WHAT IS REQUIRED
Each record below is to be copied exactly; the pictures are to be omitted.

RAW DATA

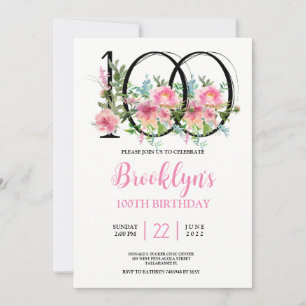 Pink Peonies 100th Birthday Invitation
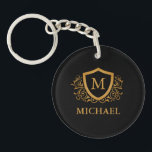Personalisierter Name des Monogramms Schlüsselanhänger<br><div class="desc">Schwarz und Gold Personalisiert Stylish Monogram Name. Für weitere Anpassungen klicken Sie bitte auf die Schaltfläche "Anpassen" und verwenden Sie unser Designwerkzeug, um diese Vorlage zu ändern.</div>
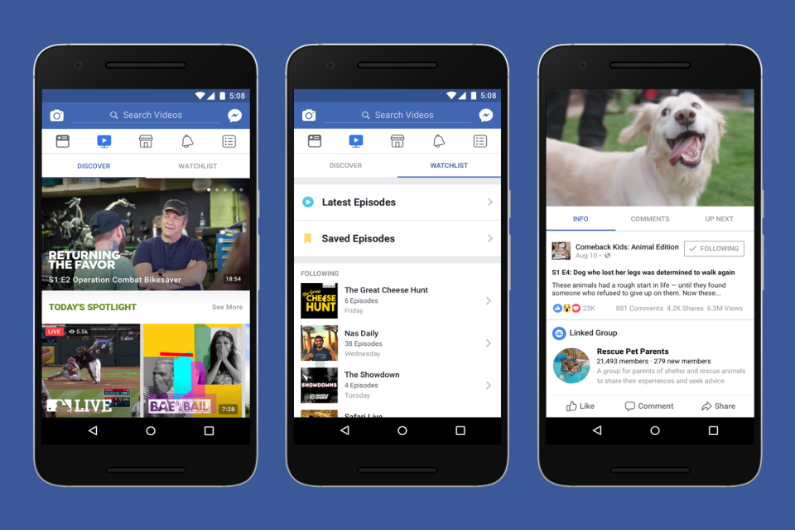 Un aperçu de Watch, la nouvelle plateforme de vidéos de Facebook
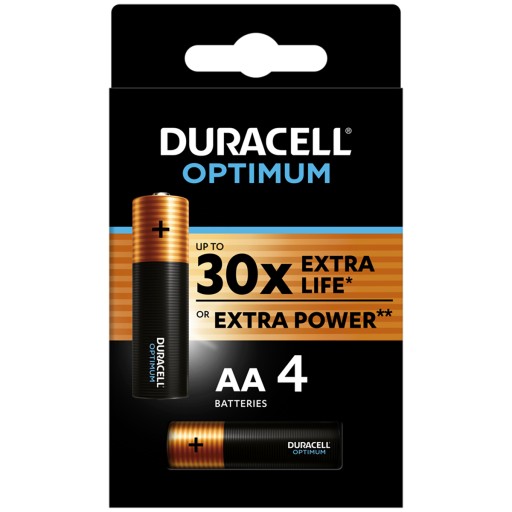 4x ALKALICKÁ BATÉRIA DURACELL OPTIMUM LR6 R6 AA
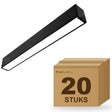 Doos met 20 hangende LED lichtbalken 120 cm zwart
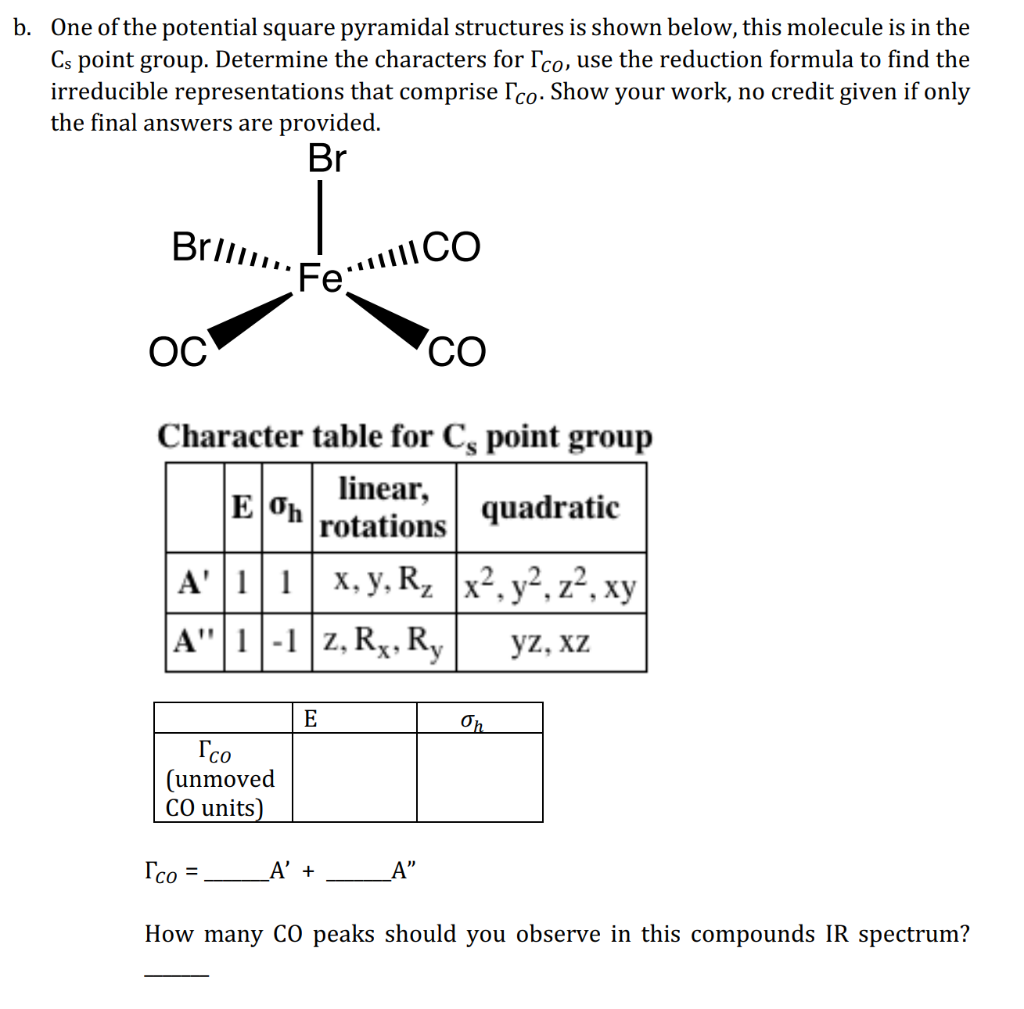 One of the potential square pyramidal structures is shown below, this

SOLUTION TO THIS EXERCISE
 Pink Peonies 100th Birthday Invitation
Personalisierter Name des Monogramms Schlüsselanhänger<br><div class="desc">Schwarz und Gold Personalisiert Stylish Monogram Name. Für weitere Anpassungen klicken Sie bitte auf die Schaltfläche "Anpassen" und verwenden Sie unser Designwerkzeug, um diese Vorlage zu ändern.</div>
 Un aperçu de Watch, la nouvelle plateforme de vidéos de Facebook
 4x ALKALICKÁ BATÉRIA DURACELL OPTIMUM LR6 R6 AA
 Doos met 20 hangende LED lichtbalken 120 cm zwart
 One of the potential square pyramidal structures is shown below, this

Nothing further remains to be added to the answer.